Bob Burley knew Bill McCollom as a “consummate gentleman and intrepid competitor!” Their careers overlapped both as coaches for the Killington Ski Club and as Masters racers. Bob also paid a great tribute to Bill by saying, “He left every person, race and trail better for his presence.”
Next, I heard from my friend Jerry Gates who now lives in North Carolina. Jerry was the artist behind the painting I shared in my column on “The Perfect Gift!” He sent along a painting of himself skiing on our 1973 European trip. Jerry did add the disclaimer that he may not have been as good a skier as he looks in the picture or as good an artist as these pictures may indicate. I told him that our age allows us to take certain liberties!

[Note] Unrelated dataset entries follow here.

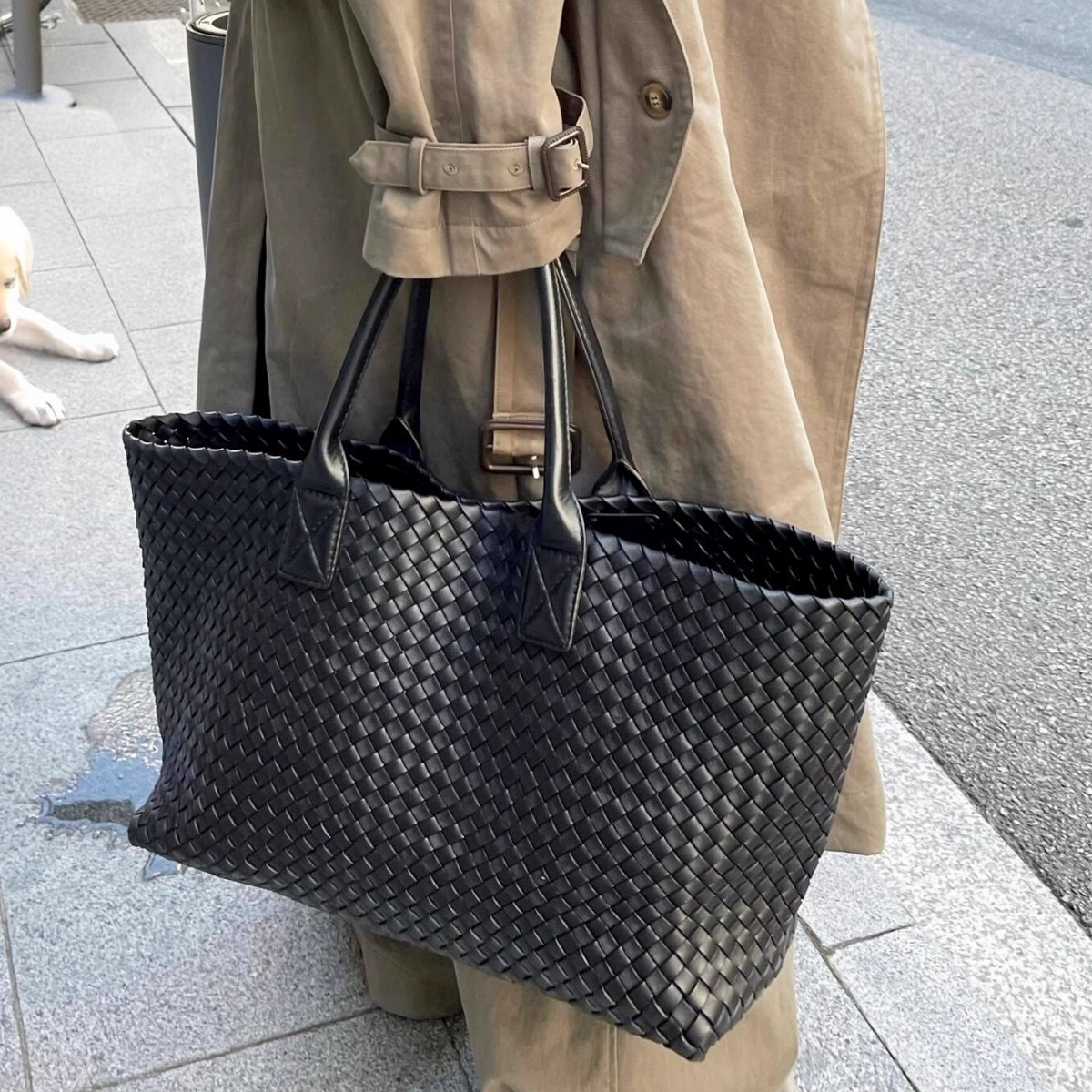 Large Capacity Hand-Woven Women's Bag 2025 New Arrival Luxury Minimalist Commuter Shoulder Underarm Tote Bag - Thumbnail 2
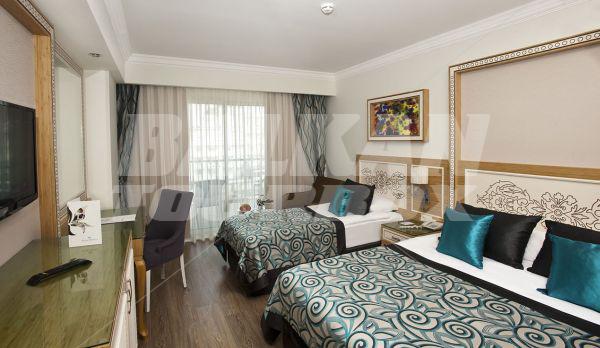 почивка в Crystal Waterworld Resort & Spa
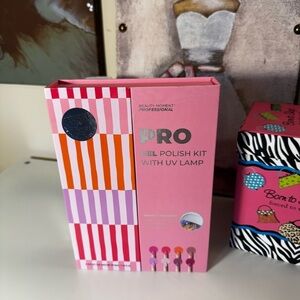 Pink and Orange Gel Polish Kit with UV Lamp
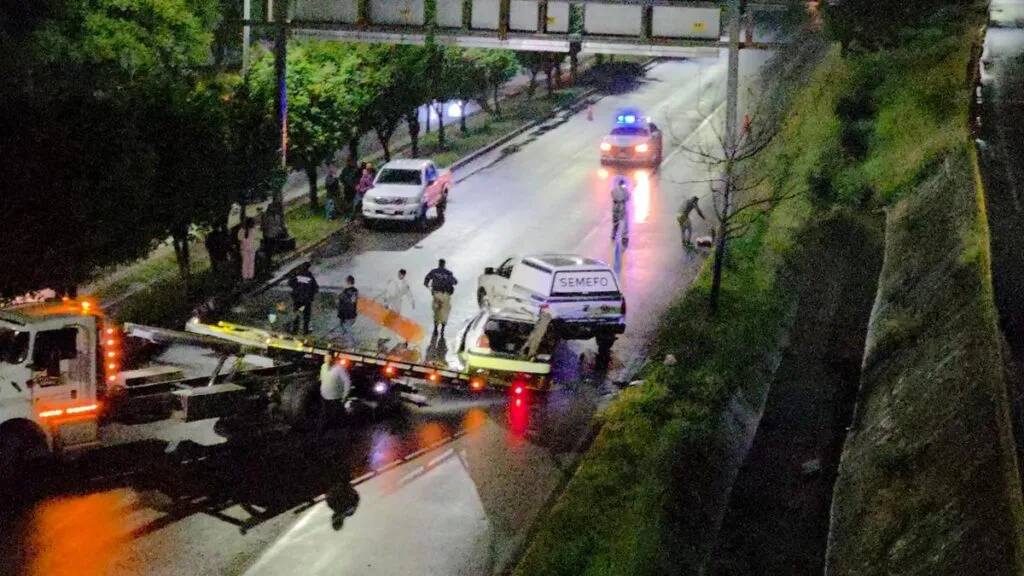 Volcadura de vehículo deja 3 jóvenes sin vida en Morelia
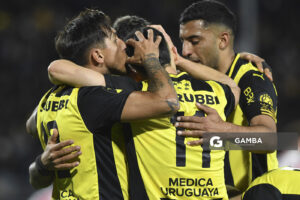 Maximiliano Silvera, de Peñarol. Torneo Clausura. Estadio Campeón del Siglo.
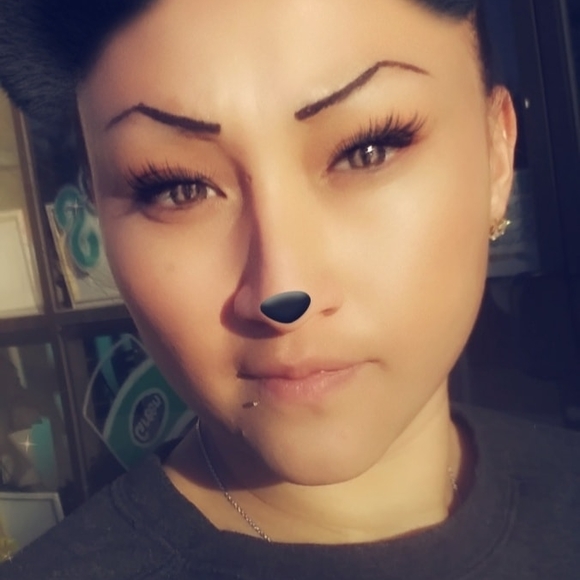 Profile Picture of Sandra Arambula (@96sandra) on Poshmark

I’m always amazed when right after I write a column on a topic, I see something related pop up in the media. My column on Powderhorn Mountaineering had just been published when I saw an article on this season marking Beaver Creek’s 40th anniversary. There was a picture from the December 1980 grand opening which included dignitaries such as President Gerald Ford and the whole Beaver Creek management team wearing … you guessed it, Powderhorn parkas!
In a similar fashion, the day my column on Sun Valley Serenade was in the Reporter I also received the latest issue of the New England Ski Museum Journal. The main topic was on ski photographer Christine Reid. One of her featured photos included was a full page close-up of Marilyn Shaw! In the accompanying text it echoed that she had been the skiing double for Sonja Henie in the movie. I contacted Jeff Leich, Executive Director of the NESM, and he told me his source had been the book by Allen Adler which also provided the text for Marilyn’s U.S. Ski and Snowboard Hall of Fame write-up.
Now on to this week’s column. When was the Toll House double chair added? That would be in 1983 for the 1983-84 season. I was a little surprised that it wasn’t older. I mean the chairs are spaced so far apart that I almost sat on the ground waiting for the next chair! Also that means it’s a newer lift than the Lookout which was installed for the 1979-80 season.
John Thurgood had the correct answer and says, “While it is a slow lift The 15 minute ride gives one some time to reflect on things.” It sure does. Why am I riding this lift, for example. John has a good excuse since he owns one of the Toll House condos.
Also responding with the correct answer was Tom Hubbs. Tom also mentioned that the Lookout chair opened during Christmas week 1979 and on the first day it ran, Tom was one of the lucky ones to be evacuated from the lift! Obviously Lookout had an inauspicious start.
Greg Dirmaier provided more details concerning the Toll House double and the fact that it was part of a plan to expand the old Lodge into a new condominium hotel which was to be called the “Inn at the Mountain.” In case you ever wondered why the base of the lift sort of sits out by itself, the plans actually called for it to be in the courtyard of that new condominium hotel. Greg says the overall project was doomed by the high interest rates of the era, a national gas shortage, and Act 250 permitting issues.
Of course 20 years later the vision started at the Toll House was implemented in the Spruce Peak development.